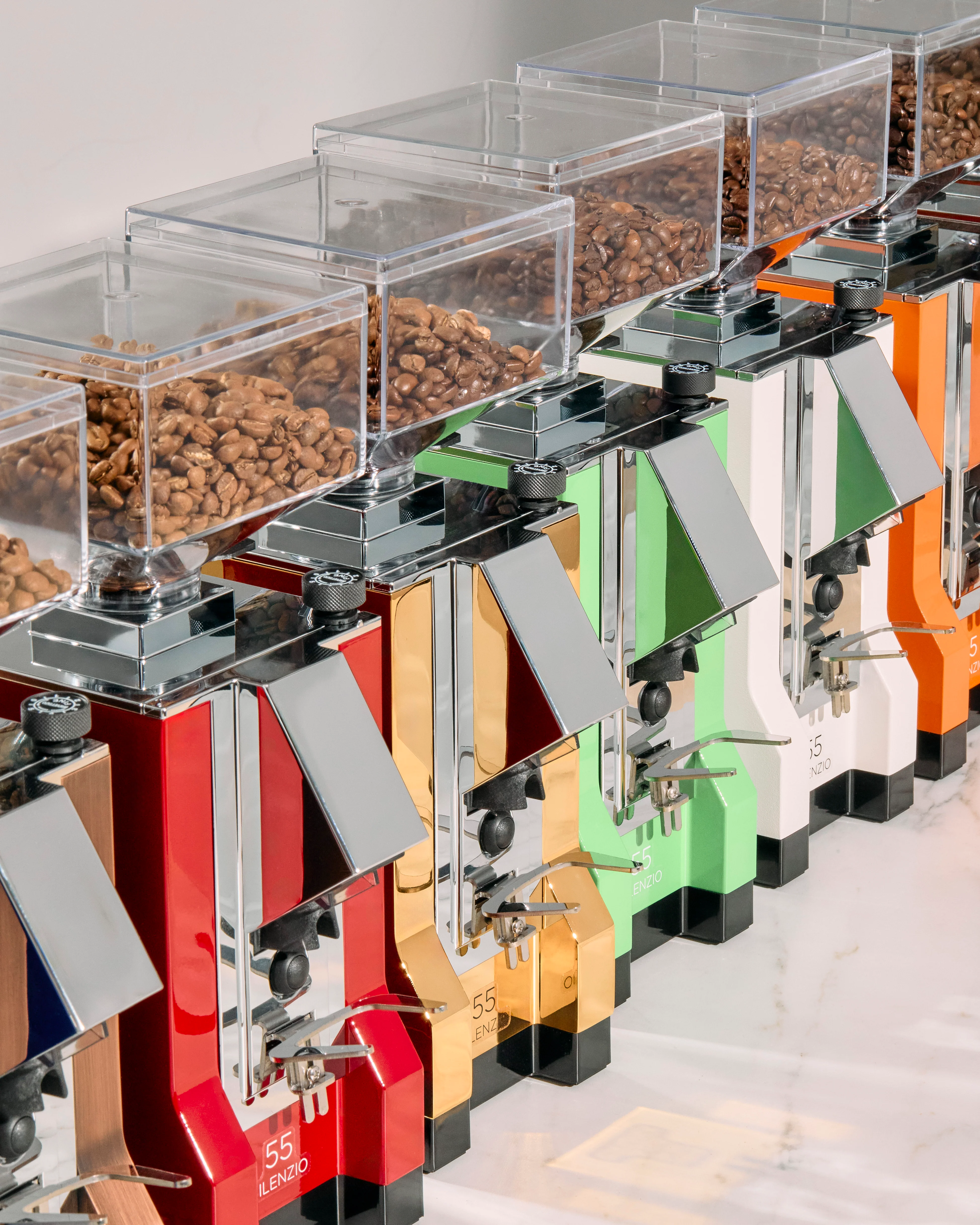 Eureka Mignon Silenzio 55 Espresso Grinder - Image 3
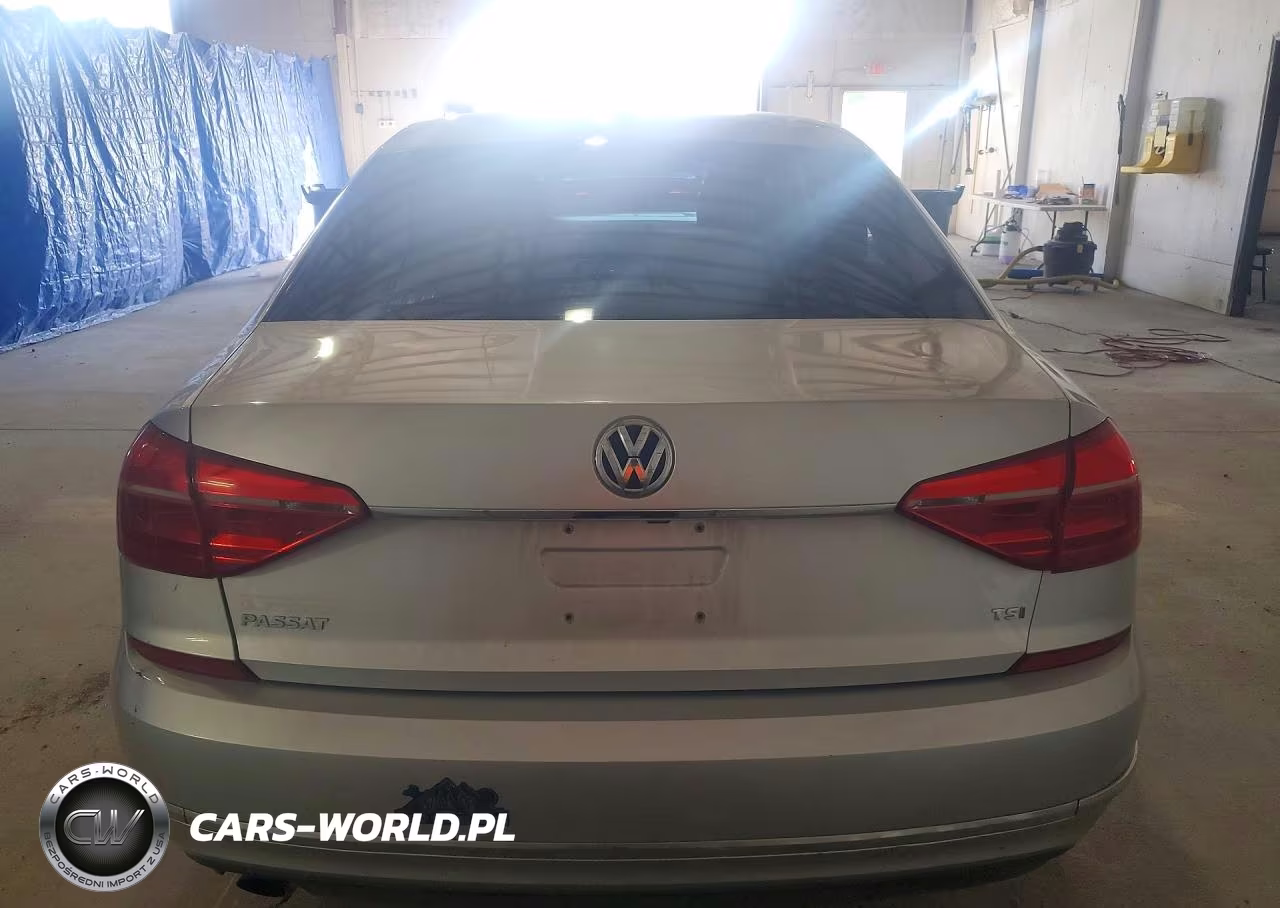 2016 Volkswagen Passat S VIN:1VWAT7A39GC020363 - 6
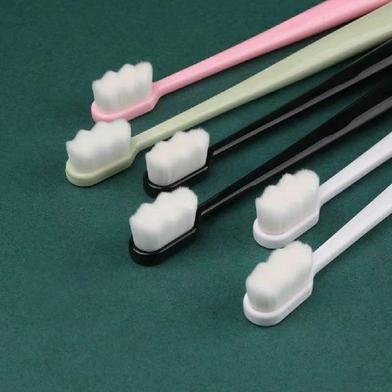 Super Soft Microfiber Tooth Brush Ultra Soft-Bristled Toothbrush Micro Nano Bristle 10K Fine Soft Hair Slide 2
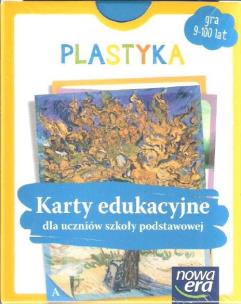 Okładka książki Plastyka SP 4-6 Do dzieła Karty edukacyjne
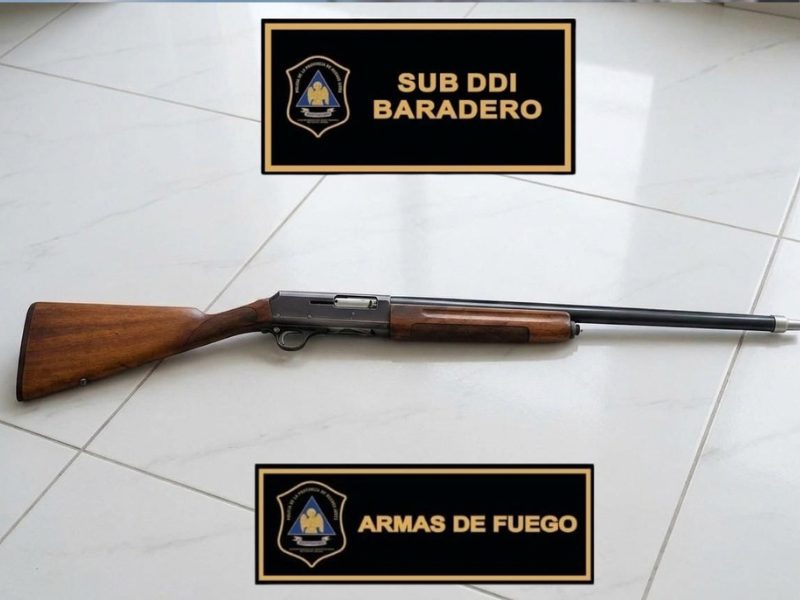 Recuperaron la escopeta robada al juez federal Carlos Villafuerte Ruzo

· · · · ·

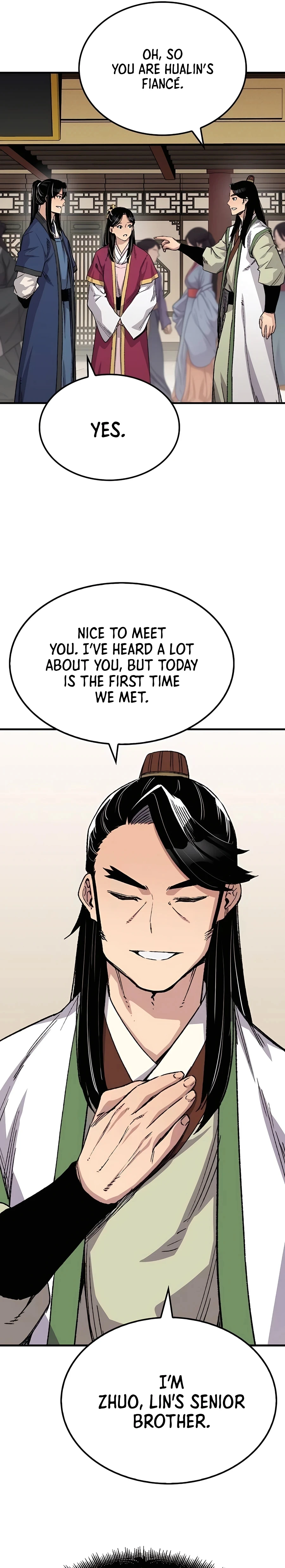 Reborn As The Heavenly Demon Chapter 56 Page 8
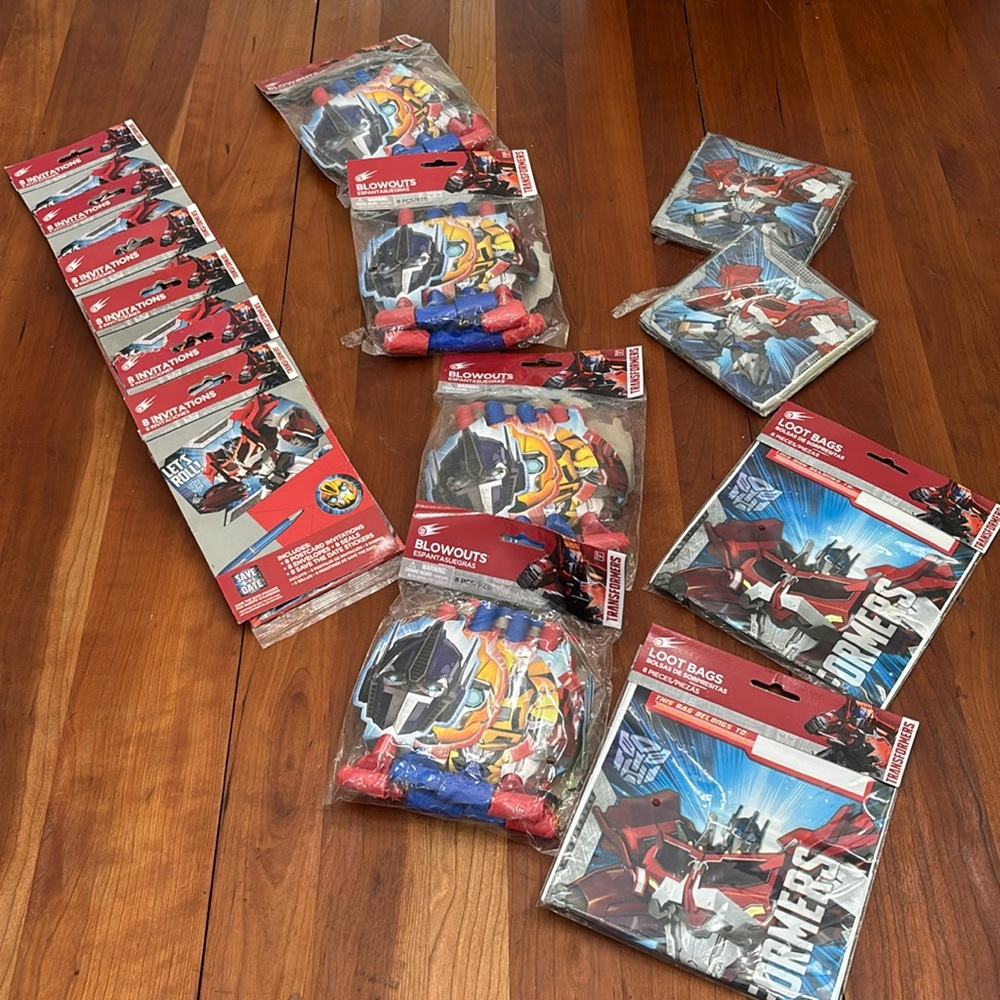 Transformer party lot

· · · · ·

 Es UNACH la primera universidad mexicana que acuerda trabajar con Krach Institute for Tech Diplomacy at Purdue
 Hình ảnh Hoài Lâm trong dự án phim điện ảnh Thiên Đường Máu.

· · · · ·

▸ **Task objective**:
Among the records above, extract exactly the lines from the line with "Es UNACH la" to the line with "Hình ảnh Hoài", both lines included, and leave out the rest.

▸ **Result of the task**:
 Es UNACH la primera universidad mexicana que acuerda trabajar con Krach Institute for Tech Diplomacy at Purdue
 Hình ảnh Hoài Lâm trong dự án phim điện ảnh Thiên Đường Máu.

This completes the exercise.